═══ Provided records
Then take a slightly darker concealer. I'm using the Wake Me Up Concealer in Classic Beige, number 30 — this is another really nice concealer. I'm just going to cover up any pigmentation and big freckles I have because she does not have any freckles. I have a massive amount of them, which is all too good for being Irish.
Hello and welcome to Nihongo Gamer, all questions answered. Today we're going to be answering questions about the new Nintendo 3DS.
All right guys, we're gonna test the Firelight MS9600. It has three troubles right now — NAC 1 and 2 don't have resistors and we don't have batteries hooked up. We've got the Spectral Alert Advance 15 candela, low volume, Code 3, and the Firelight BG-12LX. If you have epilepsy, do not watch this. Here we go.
══════
═══ Provided records
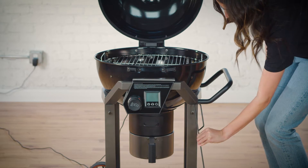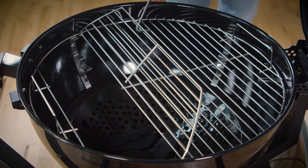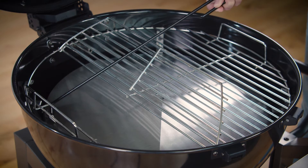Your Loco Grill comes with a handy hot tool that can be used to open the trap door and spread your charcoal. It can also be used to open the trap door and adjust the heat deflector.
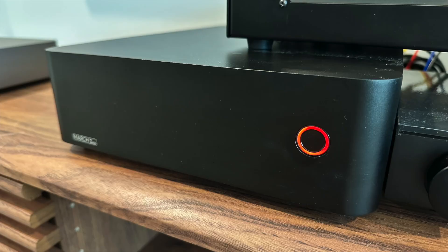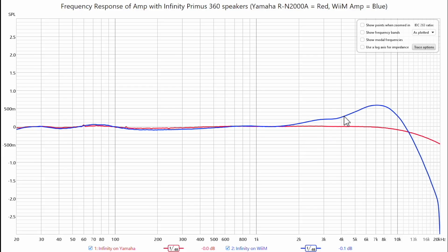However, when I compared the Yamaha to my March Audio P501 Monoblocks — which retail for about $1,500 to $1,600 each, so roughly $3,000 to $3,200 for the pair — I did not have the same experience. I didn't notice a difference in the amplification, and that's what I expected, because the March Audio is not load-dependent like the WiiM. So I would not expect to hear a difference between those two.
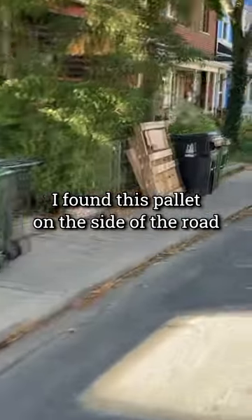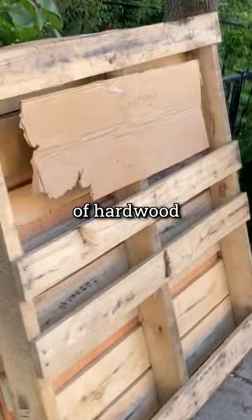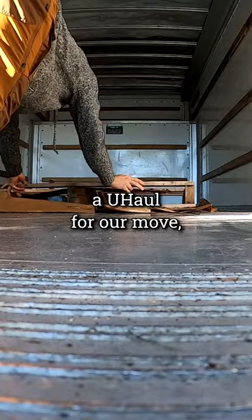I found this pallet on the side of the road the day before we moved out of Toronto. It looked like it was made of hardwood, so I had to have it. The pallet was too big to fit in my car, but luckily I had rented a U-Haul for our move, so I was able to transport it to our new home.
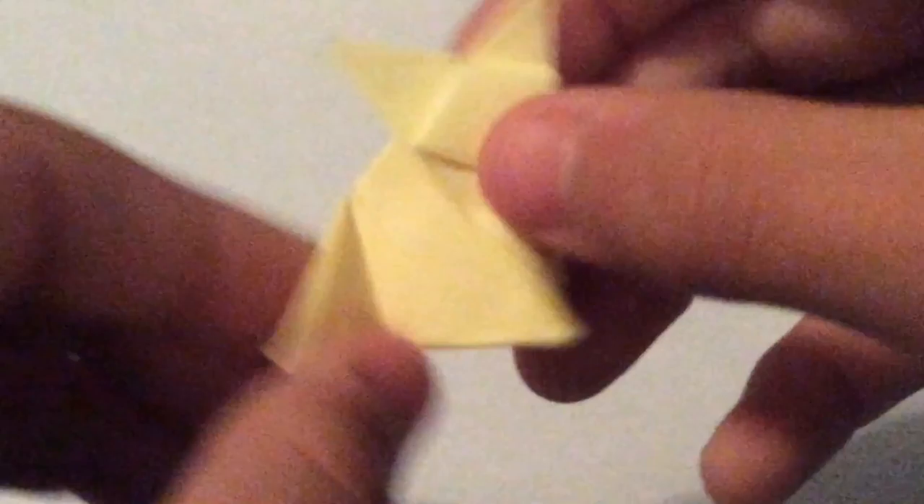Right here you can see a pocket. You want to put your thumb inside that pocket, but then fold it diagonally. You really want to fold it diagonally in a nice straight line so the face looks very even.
══════
■ **Your objective**
Retype exactly, and only, the lines above from the one where "Then take a" occurs up to and including the one where "Hello and welcome" occurs.

■ **Solution for this exercise**
Then take a slightly darker concealer. I'm using the Wake Me Up Concealer in Classic Beige, number 30 — this is another really nice concealer. I'm just going to cover up any pigmentation and big freckles I have because she does not have any freckles. I have a massive amount of them, which is all too good for being Irish.
Hello and welcome to Nihongo Gamer, all questions answered. Today we're going to be answering questions about the new Nintendo 3DS.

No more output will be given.